Dark and twisty thriller with a surprising plot

I'm incredibly excited to be part of the blog tour for this twisty thriller by Adele Parks! LIES LIES LIES is out now!

On the surface, Simon and Daisy's marriage looks perfect. He's an architect, she's a teacher, and they are parents to their beloved daughter, Millie, brought into the world after many years of trying to have a child. But looking beyond the perfection, you see the strain. Simon drinks too much, embarrassing Daisy and even Millie, though she may be too young to truly realize it. Their friends typically look the other way, expressing sympathy but not offering much help. Until the night of a friend's party, where things get out of control, and their lives change forever.

"Millie was a miracle. Conceived without any medical intervention. A miracle.

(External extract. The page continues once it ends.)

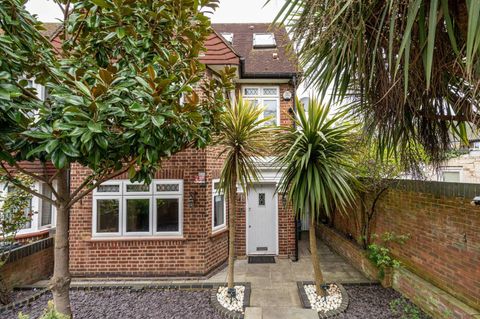 Marlborough Road, Isleworth TW7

She saved us."

This was my first book by Adele Parks, and I found she sucked me into the story from the very beginning. For me, the plot was easily the star here. This was a twisty thriller that kept me guessing, often wondering which path it was going to lead us down next. While I had an inkling about one particular plot point, others took me by complete surprise, which was fun. I always love a mystery that keeps me on my toes and goes down completely unexpected paths.

"People with secrets rarely sleep soundly. Fact."

One strength of the book is the fact that it's told from both Daisy and Simon's perspectives. Neither are particularly sympathetic, but it's easy to get caught up in their worlds. Daisy comes across as a doormat, who cannot stand up to her alcoholic husband. And Simon, of course, a drunk who endangers his family on a regular basis. You want to shake some sense into both of them. But there's certainly a twisted web of lies and secrets behind the foundation of this couple. Nothing is as it seems, and as time goes on, you can start to at least understand some of their motivations.

Overall, I enjoyed this one. I welcomed a different plot, which had some surprises in store. The ending was a bit ambiguous, but overall still a solid read. 3.75 stars, rounded to 4 here.

I received a copy of this book from Harlequin/Mira and Netgalley in return for an honest review.